Task instructions:
Look through the records below for the line with "Drinks alcohol in". Return that line and each one after it up to and including the line with "Woman in a small", exactly.

Available data:
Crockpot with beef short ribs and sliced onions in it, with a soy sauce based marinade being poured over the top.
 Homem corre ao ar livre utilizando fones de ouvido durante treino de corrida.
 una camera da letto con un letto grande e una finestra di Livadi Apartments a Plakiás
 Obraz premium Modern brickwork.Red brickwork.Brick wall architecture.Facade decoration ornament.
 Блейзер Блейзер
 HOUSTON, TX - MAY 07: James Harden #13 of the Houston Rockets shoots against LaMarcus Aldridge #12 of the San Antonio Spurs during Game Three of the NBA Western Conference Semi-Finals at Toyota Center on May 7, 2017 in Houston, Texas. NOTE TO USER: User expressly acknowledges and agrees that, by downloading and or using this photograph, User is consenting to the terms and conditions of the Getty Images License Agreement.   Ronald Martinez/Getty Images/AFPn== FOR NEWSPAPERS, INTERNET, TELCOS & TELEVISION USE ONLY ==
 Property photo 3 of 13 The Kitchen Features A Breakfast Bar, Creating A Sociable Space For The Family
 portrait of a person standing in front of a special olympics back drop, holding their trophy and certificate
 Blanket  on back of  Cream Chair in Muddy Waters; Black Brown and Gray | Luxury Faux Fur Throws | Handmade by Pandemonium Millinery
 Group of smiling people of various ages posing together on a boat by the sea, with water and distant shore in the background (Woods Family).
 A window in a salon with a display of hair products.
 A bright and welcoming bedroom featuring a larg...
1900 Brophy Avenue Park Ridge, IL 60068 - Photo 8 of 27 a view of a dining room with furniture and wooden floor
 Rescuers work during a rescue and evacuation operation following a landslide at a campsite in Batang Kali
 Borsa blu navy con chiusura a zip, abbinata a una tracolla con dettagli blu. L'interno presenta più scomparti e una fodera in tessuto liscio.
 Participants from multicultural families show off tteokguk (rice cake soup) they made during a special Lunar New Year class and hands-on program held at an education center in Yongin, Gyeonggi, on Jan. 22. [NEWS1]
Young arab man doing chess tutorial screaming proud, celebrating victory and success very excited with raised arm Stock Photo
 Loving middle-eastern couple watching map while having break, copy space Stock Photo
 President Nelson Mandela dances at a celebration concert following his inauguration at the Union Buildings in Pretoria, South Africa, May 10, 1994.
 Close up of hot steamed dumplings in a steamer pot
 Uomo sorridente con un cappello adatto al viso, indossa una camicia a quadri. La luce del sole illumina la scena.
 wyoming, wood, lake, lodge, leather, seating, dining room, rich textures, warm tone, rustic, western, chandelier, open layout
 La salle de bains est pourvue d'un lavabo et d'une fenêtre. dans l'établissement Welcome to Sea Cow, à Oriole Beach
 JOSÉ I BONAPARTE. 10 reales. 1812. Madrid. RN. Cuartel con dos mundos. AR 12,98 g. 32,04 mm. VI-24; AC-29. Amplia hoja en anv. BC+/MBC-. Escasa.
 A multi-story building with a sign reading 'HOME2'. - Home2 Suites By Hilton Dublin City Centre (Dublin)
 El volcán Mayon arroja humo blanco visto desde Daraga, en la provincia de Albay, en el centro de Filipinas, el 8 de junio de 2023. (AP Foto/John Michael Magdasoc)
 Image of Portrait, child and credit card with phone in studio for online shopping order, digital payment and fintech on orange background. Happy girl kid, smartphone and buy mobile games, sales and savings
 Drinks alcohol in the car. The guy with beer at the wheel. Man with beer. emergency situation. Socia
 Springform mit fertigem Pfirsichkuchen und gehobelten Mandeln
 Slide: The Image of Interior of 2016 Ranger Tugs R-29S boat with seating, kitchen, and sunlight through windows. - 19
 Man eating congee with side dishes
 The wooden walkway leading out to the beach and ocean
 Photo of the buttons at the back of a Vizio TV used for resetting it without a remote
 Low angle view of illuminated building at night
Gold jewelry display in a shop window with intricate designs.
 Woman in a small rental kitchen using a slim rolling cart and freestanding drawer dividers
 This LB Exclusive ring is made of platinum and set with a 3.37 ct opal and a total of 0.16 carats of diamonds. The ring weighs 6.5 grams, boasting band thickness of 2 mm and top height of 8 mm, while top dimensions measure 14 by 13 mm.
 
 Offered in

Task output:
 Drinks alcohol in the car. The guy with beer at the wheel. Man with beer. emergency situation. Socia
 Springform mit fertigem Pfirsichkuchen und gehobelten Mandeln
 Slide: The Image of Interior of 2016 Ranger Tugs R-29S boat with seating, kitchen, and sunlight through windows. - 19
 Man eating congee with side dishes
 The wooden walkway leading out to the beach and ocean
 Photo of the buttons at the back of a Vizio TV used for resetting it without a remote
 Low angle view of illuminated building at night
Gold jewelry display in a shop window with intricate designs.
 Woman in a small rental kitchen using a slim rolling cart and freestanding drawer dividers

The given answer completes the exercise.